Building a Creative Company Culture

Mark Angelo, CEO, Yorkville Advisors

Building a creative company culture will take thought and effort. Often, jobs by their nature, become mundane and creativity doesn’t usually expand in ongoing routine situations. Though, interesting, for short bursts of time, doing non-thinking tasks can open up the mind for further creative thoughts. Like everything else in life, it’s about finding the right balance.

As the leader though, you can impact the level of creativity happening in your team by cultivating the environment and culture in that vein. Here are some ideas that work for teams and individuals to encourage creative thinking.

Encourage employees to “decorate” their workspace with things that inspire them. Those with artistic tendencies should have sketch pads or writing notebooks to help. If you have music playing in the background, look into the need for certain types of music working well for different times of day. Mornings might work best with softer four-count music (waltz’s are four-count) music, where 3pm might be best with upbeat music to pull people out of the mid-day slow-down.

Build time into the day for people to talk, brainstorm, ask questions of each other, even if the conversation isn’t work-related, social interaction that encourages thinking beyond the norm should spark some creativity. So you might have question jars located strategically around the office – water cooler, kitchen space, even the restrooms. Or post a daily question for people to discuss when they are in conversation. If you choose the questions, make them upbeat, fun, and unusual.

Sponsor a quarterly event during lunchtime. Provide lunch, but beyond that, make the event about activity and connectivity between employees. You might have a football toss, etc. about the time of the Super Bowl, or set up for a picnic in the summer, with blankets on the floor, make your own ice cream, play some form of tag or other usual outdoor activity. You could also do an office version of Chopped – or try doing it with supplies other than food.

Set up a couple of walking groups for break times. Have them focus on seeing something beautiful rather than speeding through the walk. A shorter, slower walk can help people’s thoughts get free of the everyday and begin to look beyond that.

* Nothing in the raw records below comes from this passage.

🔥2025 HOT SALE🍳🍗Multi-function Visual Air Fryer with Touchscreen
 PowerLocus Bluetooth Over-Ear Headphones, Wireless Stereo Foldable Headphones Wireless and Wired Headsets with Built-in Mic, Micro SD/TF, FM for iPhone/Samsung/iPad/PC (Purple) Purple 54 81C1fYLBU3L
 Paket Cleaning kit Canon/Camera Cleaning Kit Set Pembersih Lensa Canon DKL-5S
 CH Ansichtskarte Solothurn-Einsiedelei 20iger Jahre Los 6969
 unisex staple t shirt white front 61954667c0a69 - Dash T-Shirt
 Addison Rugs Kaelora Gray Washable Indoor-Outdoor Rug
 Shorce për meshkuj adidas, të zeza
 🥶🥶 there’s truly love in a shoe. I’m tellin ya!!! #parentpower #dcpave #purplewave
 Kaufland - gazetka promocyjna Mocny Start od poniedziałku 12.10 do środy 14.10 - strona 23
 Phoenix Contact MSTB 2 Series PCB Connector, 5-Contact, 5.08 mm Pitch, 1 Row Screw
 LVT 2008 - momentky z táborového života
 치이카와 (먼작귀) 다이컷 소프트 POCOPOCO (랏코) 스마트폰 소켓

Another thing to try, when there is a mistake that happens in work, have people write it down. Once a month or so, have a mistake discussion … not to fix things necessarily, but to turn it into something fun. You might discuss all the things that could have happened in addition to make it really horrible, or replace a word in the brief description to make it sound positive, or even ask for the craziest suggestions people can think of to address the problem. This can open up creativity in several ways, but one of them is making sure that people know that making mistakes is not the end of the world.

One final suggestion is to have a set routine when things begin to get stressful in the workplace. Allow anyone there to loudly proclaim, “Three deep breaths on the count of ten, starting now, two, three, … ten.” Doing that through three deep breaths can refocus the setting and release some of that stress that’s getting in everyone’s way.